Tuesday, October 14, 2008

Apple Dumplings

This is not my recipe, but is from a popular website that I frequent: The Pioneer Woman Cooks.

I first read this recipe when she posted it last winter and thought it was the strangest thing I had ever seen. 'Mountain Dew and Crescent rolls?' I thought, 'Give me a break!'. One day in August while combing through her archives for some inspiration, I noticed that I had all of the ingredients for this dessert on hand (except the Mountain Dew, I needed to make a special trip to the store for that) and decided to give it a try. I'd half the recipe so if it flopped, which I fully expected it to, it wouldn't be much of a loss.

As soon as I took this out of the oven, I knew I was going to be sorry that I only made a half batch. That, and my kitchen smelled as if it were smack in the middle of a giant apple pie.

This apple dumpling recipe is not at all diet friendly, so if you're on one of those, you'll probably want to pass this by. It is a great alternative to baking a full apple pie and it's a snap to throw together. I can have this in the oven in under ten minutes. The most time consuming part of making this is peeling 2 apples. It's so simple. I'll post the recipe in it's original form and make notes of what I now do differently.

Apple Dumplings

2 Granny Smith apples
2 cans crescent rolls (I use reduced fat)
2 sticks butter (I reduce this to 1.5 sticks)
1 1/2 cups sugar (I reduce this to 1 cup)
1 teaspoons vanilla
cinnamon
1 small can Mountain Dew

Peel and core apples. Cut apples into 8 slices each. Roll each apple slice in a crescent roll. Place in a 9 x 13 buttered pan. Melt butter, then add sugar and barely stir. Add vanilla, stir, and pour over apples. Pour Mountain Dew around the edges of the pan. Sprinkle with cinnamon and bake at 350 degrees for 40 minutes. Serve with ice cream, and spoon some of the sweet sauces from the pan over the top.

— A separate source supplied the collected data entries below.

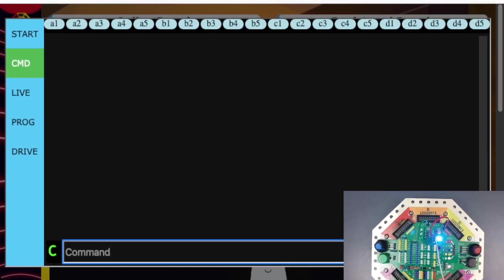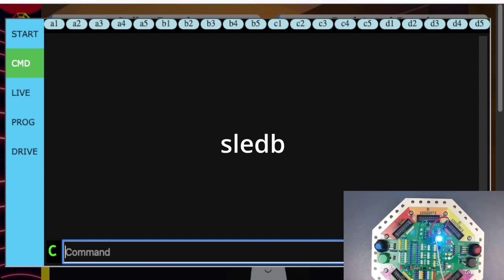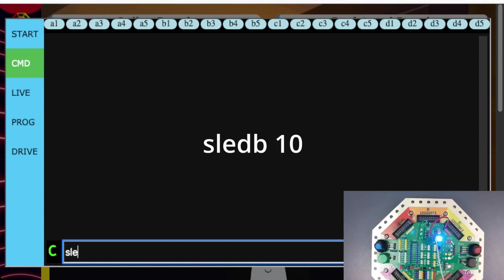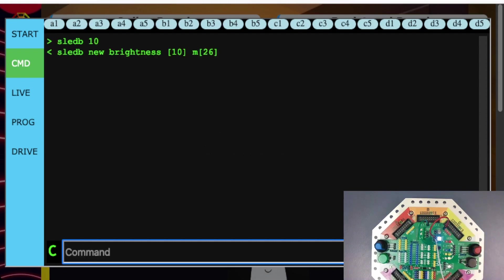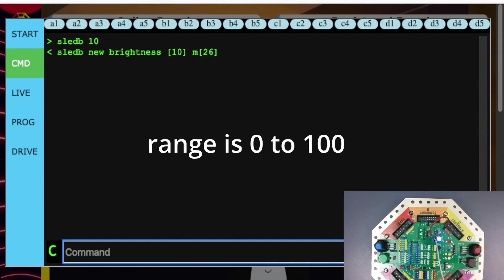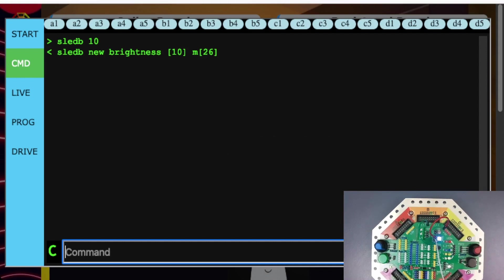We can also change the brightness of the LED using the SLEDB command. So for example, I have the LED on full white right now. And if I wanted to reduce it to 10%, I would type SLEDB space 10 and press ENTER. And you can see the LED dims to 10% of its normal value. So the range for this command is 0, which is off, up to 100%, which is maximum brightness. And also notice that this command affects all of the LEDs on the jackboard, including the activity LED and all of the user LEDs.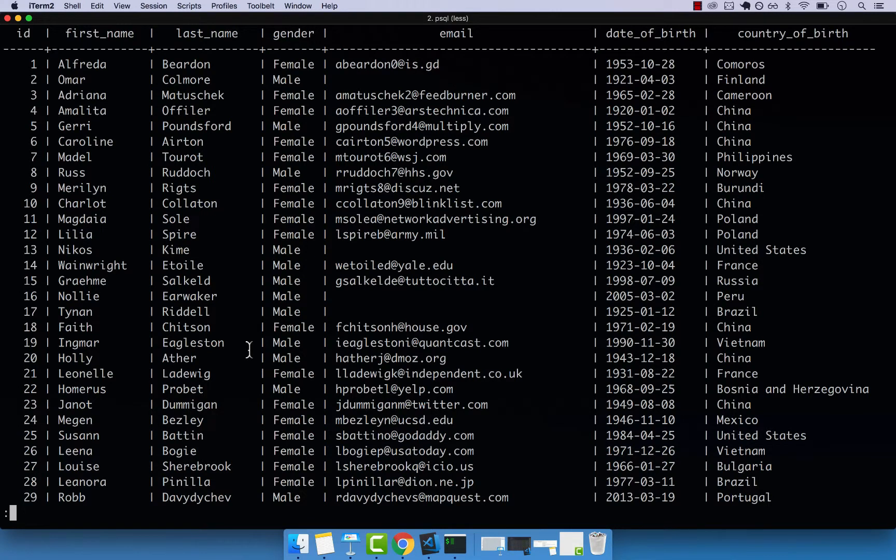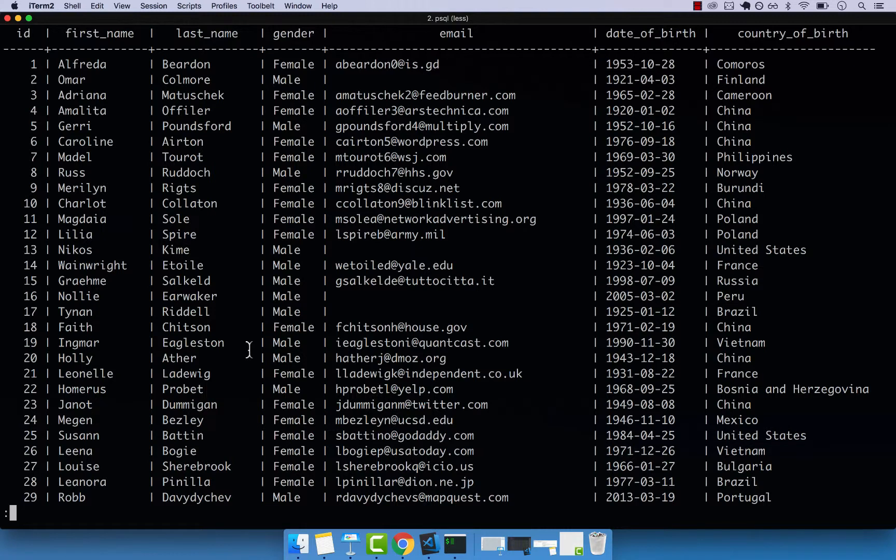All right, in this video, let's go ahead and use the BETWEEN keyword to select data from a range. So let's say that we want to find out everyone that was born between 2000 and 2015, for example.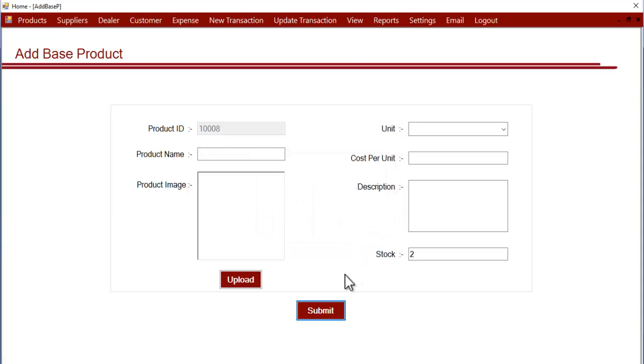Now the product entry has been made into the system. This is how you can enter base products at the cost that you buy that particular product, at the unit at which you buy whether kg, liters, or directly as quantity. This is how the base product entry section works. Thank you.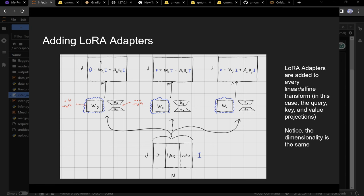Adding the LoRA weights: remember W_Q, the learned weight matrix? We freeze that matrix and add two small matrices: matrix A transforms from D to R (a bottleneck), and matrix B transforms from R back to D.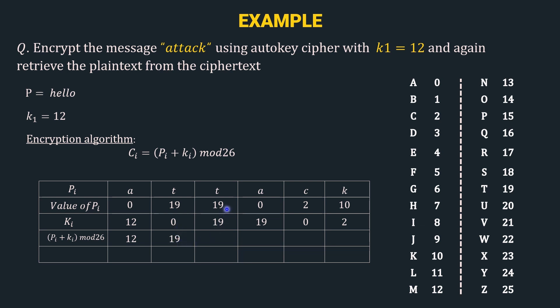Then 19 plus 19 gives us 38, and 38 mod 26 gives us 12. Then we have 0 plus 19 which is 19, and 19 mod 26 is 19. Then we have 2 plus 0 which is 2, 2 mod 26 is 2, and 10 plus 2 which is 12, 12 mod 26 is 12.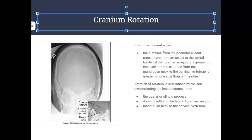Let's talk about cranium rotation in the Towne method. It is a little bit easier to detect because we are taking it as an AP projection. Head rotation is demonstrated on an AP axial projection if the distance from the posterior clinoid process and the dorsum sellae to the lateral border of the foramen magnum is greater on one side, and the distance from the mandibular neck to the cervical vertebra is greater on one side than the other.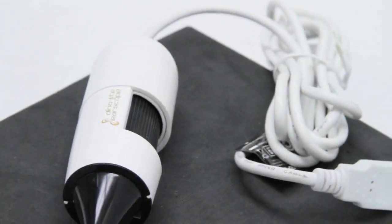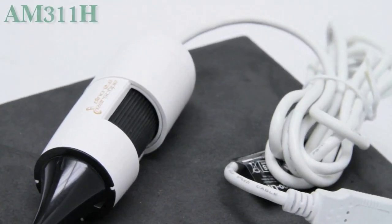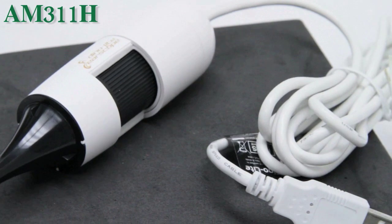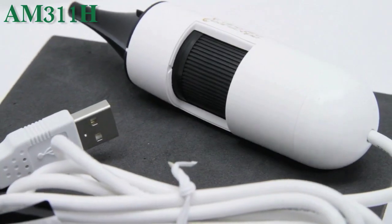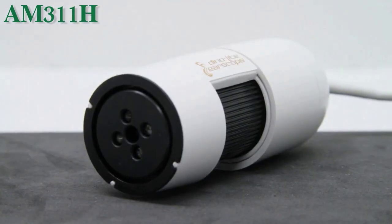Introducing the AM311H. This microscope has 30 frames per second frame rate and a 0.3 megapixel output.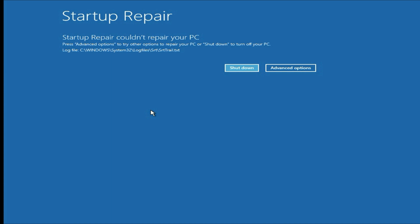Hi friends, my name is Raj and you are watching TechKawai. In this video I will show you how to fix startup repair error, automatic repair error, or any kind of blue screen restart issue on your Windows 10 or Windows 11 laptop. I will show you how to fix this issue completely.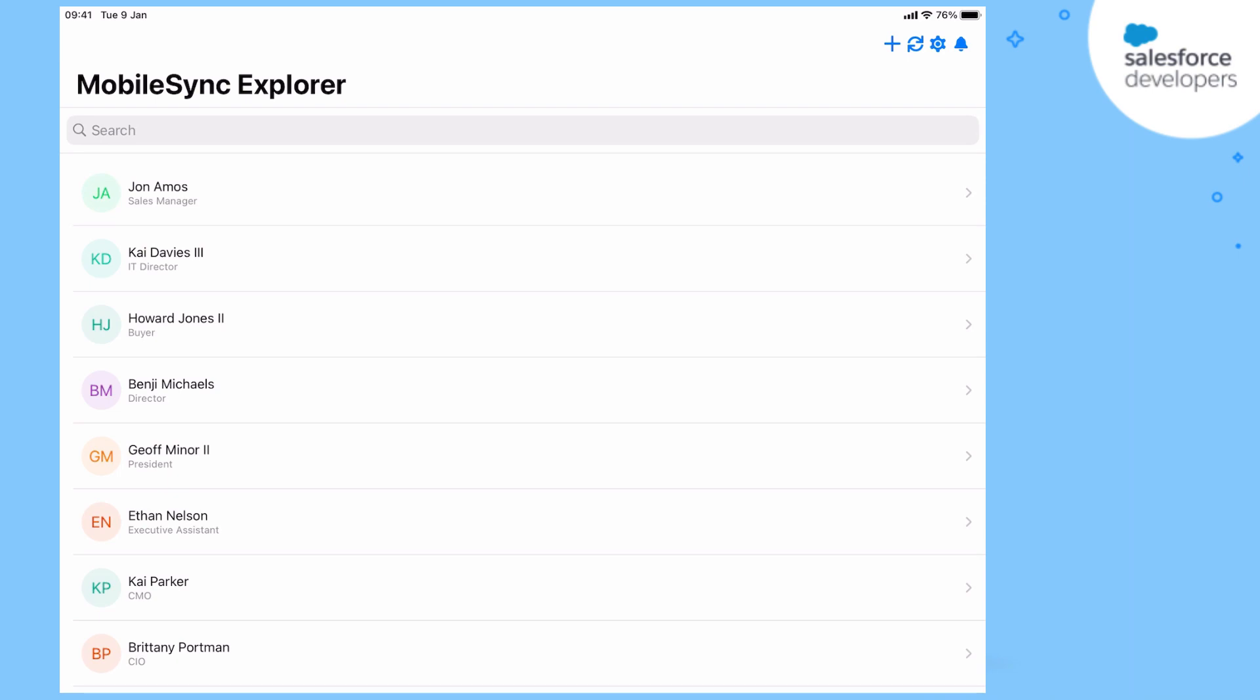Here we have our Mobile Sync Explorer Swift template running on an iPad. Even when we're offline, we can read and update our contacts. Let's turn on airplane mode to see it in action.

I've found that 30 minutes is plenty of time to bake this dish. At 40 minutes the top of the rolls have started to brown and become hard. 30 minutes allows the rolls to cook through and the apples to soften just enough. I also sometimes dice a third apple and scatter it around the pan in the liquid.

1 comment:

Jenn said...

This is one of my favorite desserts, its so easy to make. I even take it to other people's houses for dinner gatherings.